The line with "Mikrofiber Hundehåndklæde, Hurtigtørrende, Absorberende", the line with "Hidden Halo Pave", and all lines between them in the material below: return these exactly, and no others.

### MATERIAL FOR THE TASK
==*==
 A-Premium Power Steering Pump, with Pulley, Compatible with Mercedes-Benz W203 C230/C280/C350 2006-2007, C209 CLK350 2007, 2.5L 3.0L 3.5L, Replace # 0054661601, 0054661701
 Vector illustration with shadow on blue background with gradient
==*==
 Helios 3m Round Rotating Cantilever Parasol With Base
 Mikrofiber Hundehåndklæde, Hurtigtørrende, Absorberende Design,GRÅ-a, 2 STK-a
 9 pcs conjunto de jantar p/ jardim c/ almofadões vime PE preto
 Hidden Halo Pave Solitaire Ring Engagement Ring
==*==
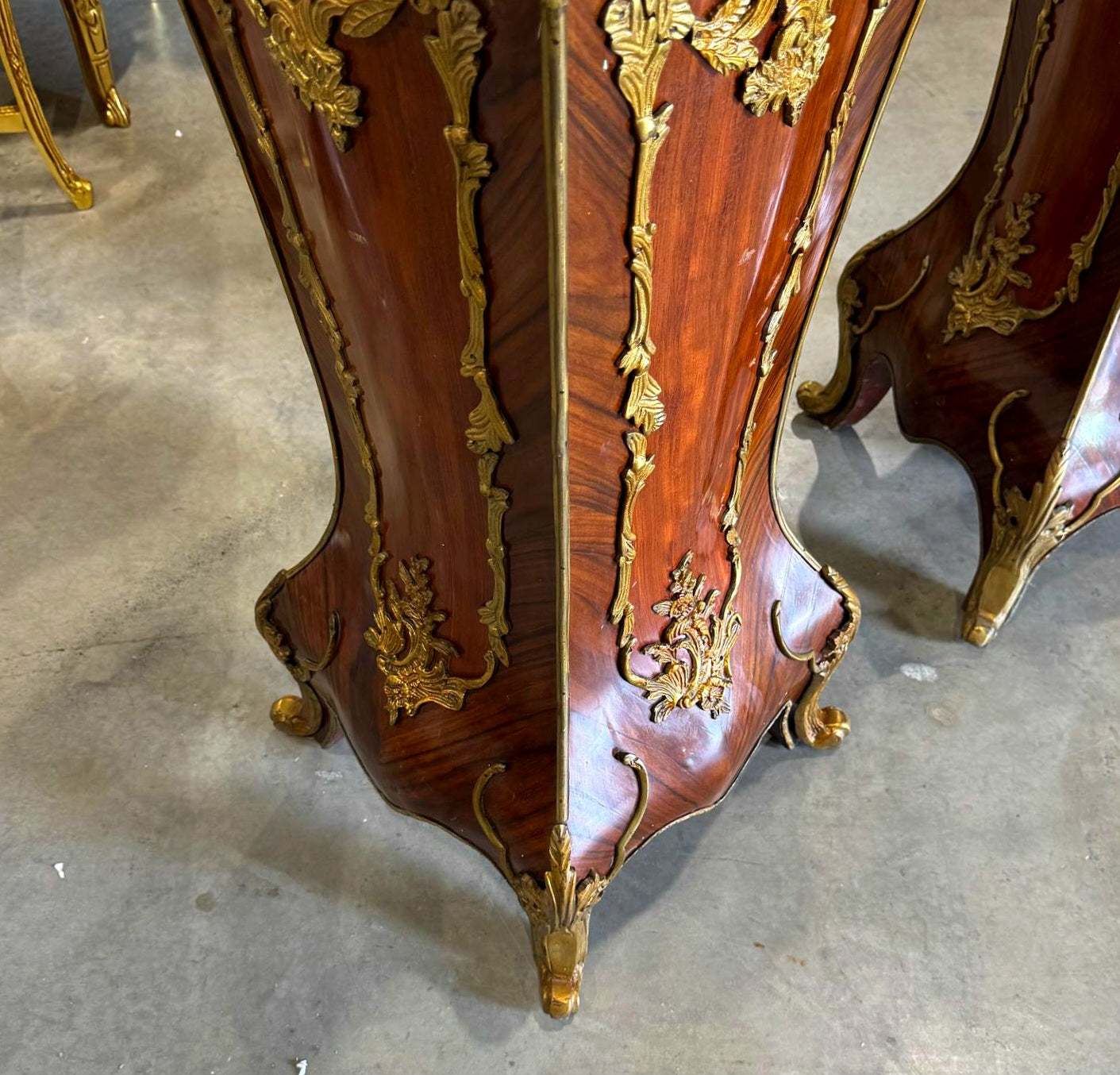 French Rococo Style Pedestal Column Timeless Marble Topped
==*==
### SOLVED EXERCISE
 Mikrofiber Hundehåndklæde, Hurtigtørrende, Absorberende Design,GRÅ-a, 2 STK-a
 9 pcs conjunto de jantar p/ jardim c/ almofadões vime PE preto
 Hidden Halo Pave Solitaire Ring Engagement Ring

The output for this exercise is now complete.